Nesrin Kazankaya, metne getirdiği yenilikçi bakış açısını, güncel ve modern sahnelemesiyle daha da etkileyici kılar.

Işıklar sönmeden, izleyicilerin arasından çıkıp gelen bir genç adam izleyicilerle, İbsen’in yazının başında alıntıladığım tümcesiyle konuşmaya başlar. Peşinden yanına gelen yeniyetme kız çocuğuyla samimiyetle şakalaşır, sonra ciddileşerek kızın ellerine birer damla kırmızı boya sürer, yeşil bir tüy tutuşturur. Bu ön oyunda Kazankaya yaralı yaban ördeğini müthiş başarılı bir stilizasyonla var ederken izleyiciye uyarlamasıyla ilgili önemli bir ipucu da verir: metni bilen bir seyirci, gerçeğin ortaya çıkaracağı yıkımdan söz eden bu karakterin Hjalmar’ı canlandıracağını düşünür. Oyuncunun Gregers’i üstlenmesi, uyarlamanın farklı bir psikolojik boyuta açılacağı, ikiliklerin/dualite’nin öne çıkacağı derinlikli birçok katmanlılık getireceğini haber verir.

Teknik olarak çok başarılı ve inandırıcı kar fırtınasıyla başlayan oyunda, Gergers’le babasının karşılaşmalarında yıllar önceki hınç duyumsanırken, Gina, Hjalmar, Hedwig üçlüsünün kusursuz mutluluğu etkileyici bir karşıtlık yaratır. Gergers’in, gerçekleri sarhoşken açıklaması başka çağcıl uyarlamalarda kullanılmış da olsa, eski dostuna hasretle sarılması, olay sonrası ilişkinin düzelmesini iyi niyetle beklemesi, dürüstlük inancında samimiyetini belirtirken, bu çok katmanlı yorumda, babasına nefretinin ve kendi saadeti parçalanırken Ekdal’ların mutluluğunu bilinçaltında kıskanmasının açıklamayı tetiklediği olasılığını da içerir.
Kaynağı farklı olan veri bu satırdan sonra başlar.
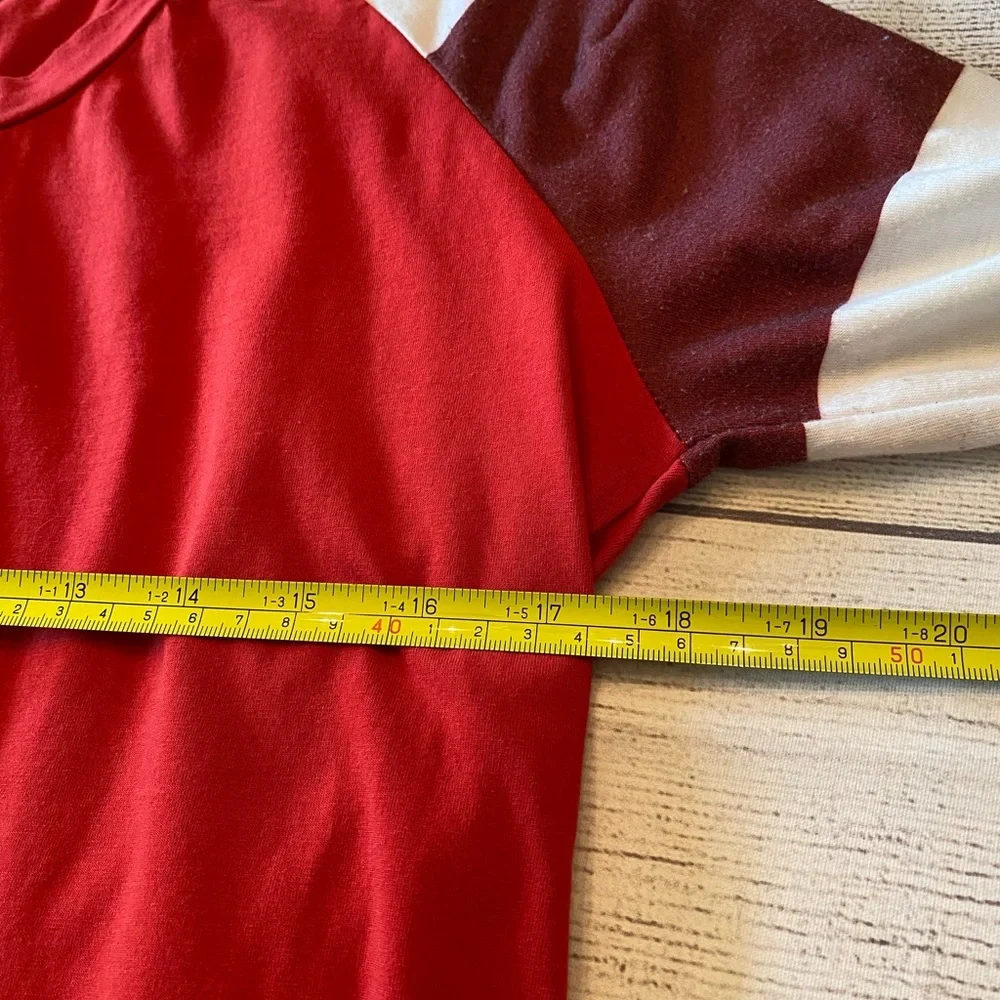 Red Shirt with Stripes on Sleeves - Picture 7 of 8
Takım oyunculuğu kusursuzdur. İnsanları fütursuzca kullanan Werle olarak Melih Düzenli, oyunu aklının gidip geldiği çizgide götüren Ahmet Taşdemir, mutluluğunu inatla korurken şüpheden şüpheye düşen Berta’da Nurşin Durmaz çok başarılı. Zeynep Özden, yaşantısını, mutlu aile düzenini korumaya çalışma çabası içindeki Gina’nın Gregers’i görür görmez tekinsiz bir şeyler olacağını hissettirmesi çok etkileyici. İlk kez tiyatroda izlediğim üç genç oyuncu ise nefes kesici performans sergiler. Kazankaya’nın öğrencisi Parla Yıldız’ın Hedwig yorumu inandırıcı ve dokunaklı. Pürüzsüz diksiyonu, başarılı beden dili ve etkileyici oyunculuğuyla Barış Yalçınsoy, Gergers’in tüm çelişkilerini ustalıkla yansıtıyor. Oğuz İşçi, yapayalnız ve dayanaksız kaldığı dönemde kendisine kol kanat geren Werle’ye körü körüne inancı ve neredeyse çocuksu saflığıyla müthiş gerçek bir Hjalmar yorumluyor.

Yaban Ördeği, hem İbsen’in özünü çağdaş bir drama olarak yansıtan, hem klasik metinlere çağcıl yorum getirme konusunda tiyatro dersi niteliğinde bir çalışma.

Sezonda onu sahnelenmiş oyun okuması, otuzdan fazlası yerli yapım olan 50’nin üzerinde oyun izlemişim. Yılın en etkileyici işlerinden biri olan Yaban Ördeği, bugüne kadar seyrettiklerim arasında ilk beşe rahatlıkla girecek düzeyde bir oyun.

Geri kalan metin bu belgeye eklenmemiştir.